Corby’s Little Sister was already involved in her neighborhood community center, so that’s where Corby and LeFeber first turned for a pilot program. Performing Ourselves then won a three-year grant from the Ira and Ineva Reilly Baldwin Wisconsin Idea Endowment, with the intention of building a program meant to boost girls’ self-confidence and empower them through the creative process and performance.
“It’s so powerful to use the body to express themselves, particularly for students who may not have access or opportunity to anything like this,” Corby explained. “The performance at the end is really transformative and cathartic, and a very important part of our overall concept.
“It really requires the students who are 5 through 15 to work together, to be patient, to overcome a lot of obstacles, learn the choreography,” she said. “And then they’re having their makeup done by a professional, they’re having a tech rehearsal in our fully equipped theater — and the transformation they have from early-morning chaos to the end of the show, when they’re proud and showing off for their families, is pretty significant.”
When boys asked to come on board, too — and to be in the showcase for the first time this year — Performing Ourselves changed its girl-centered mission to serve all youth.
The program is still self-supporting through grants, and does not charge its K-12 dancers or community centers to participate. Performing Ourselves also makes a point to pay its student teachers a “fair wage,” said LeFeber, “because we want to teach them that what they do has value, which doesn’t always happen in the world of the arts.”
The instructors get extra training in dance education skills, components of dance therapy and teaching “resiliency,” as well as cultural awareness.
“Dance can be a very privileged art,” LeFeber explained. Many college students grew up training in private dance studios, and “they’ve never had to push chairs away on a carpeted floor (in a community center) and had to find a way to make it work.”

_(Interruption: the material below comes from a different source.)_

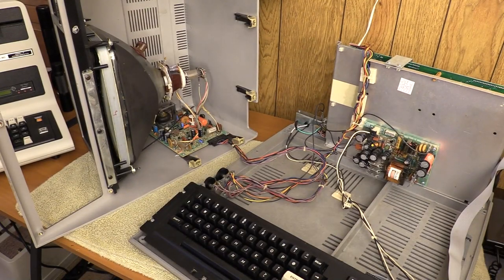Hey everyone, TJB Chris here. Welcome to part two of the Model 3 restoration. In my last video we pretty much determined that the CRT driver board isn't quite working right. In fact, while I was trying to diagnose it, it malfunctioned further.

Elisa Hildner, a UW-Madison sophomore who has been dancing since age 3, already had worked in a summer program and taught youth dance when she heard about Performing Ourselves. Now she leads students at East Madison Community Center as they learn to blend the style of dance they know best — hip-hop — with some contemporary dance technique. The dancers take the lead on the choreography.
“It’s more about moving the body and expressing yourself,” said Hildner, who said that working with Performing Ourselves has made her recognize and try to overcome the “clear divide” that exists between the black and white communities in Madison.
But she’s also seen her young students mature, and “really come together as a group, because they want to make a great dance.”
Saturday’s performance will include about 100 dancers from the Allied Learning Center, East Madison Community Center, Elver Park Neighborhood Center, Goodman Community Center, Kennedy Heights Community Center, Lussier Community Education Center and Vera Court Neighborhood Center.
The show is intentionally performed in the Margaret H’Doubler Performance Space in Lathrop Hall to bring families to the university campus, and to spotlight the dancers in a fully produced show.
At show’s end, “Everybody gets a rose, and it feels good,” said 12-year-old Shay Sayles, a sixth-grader at O’Keeffe Middle School who has danced with Performing Ourselves for four years.
The program “is fun — it’s really fun,” she said. “You get to dance with others and make new friends. You get compliments, too.”
As for the piece her teen group choreographed for Saturday’s showcase, “Our entire dance is made of dance moves,” Shay said, “but the moves are all from us.”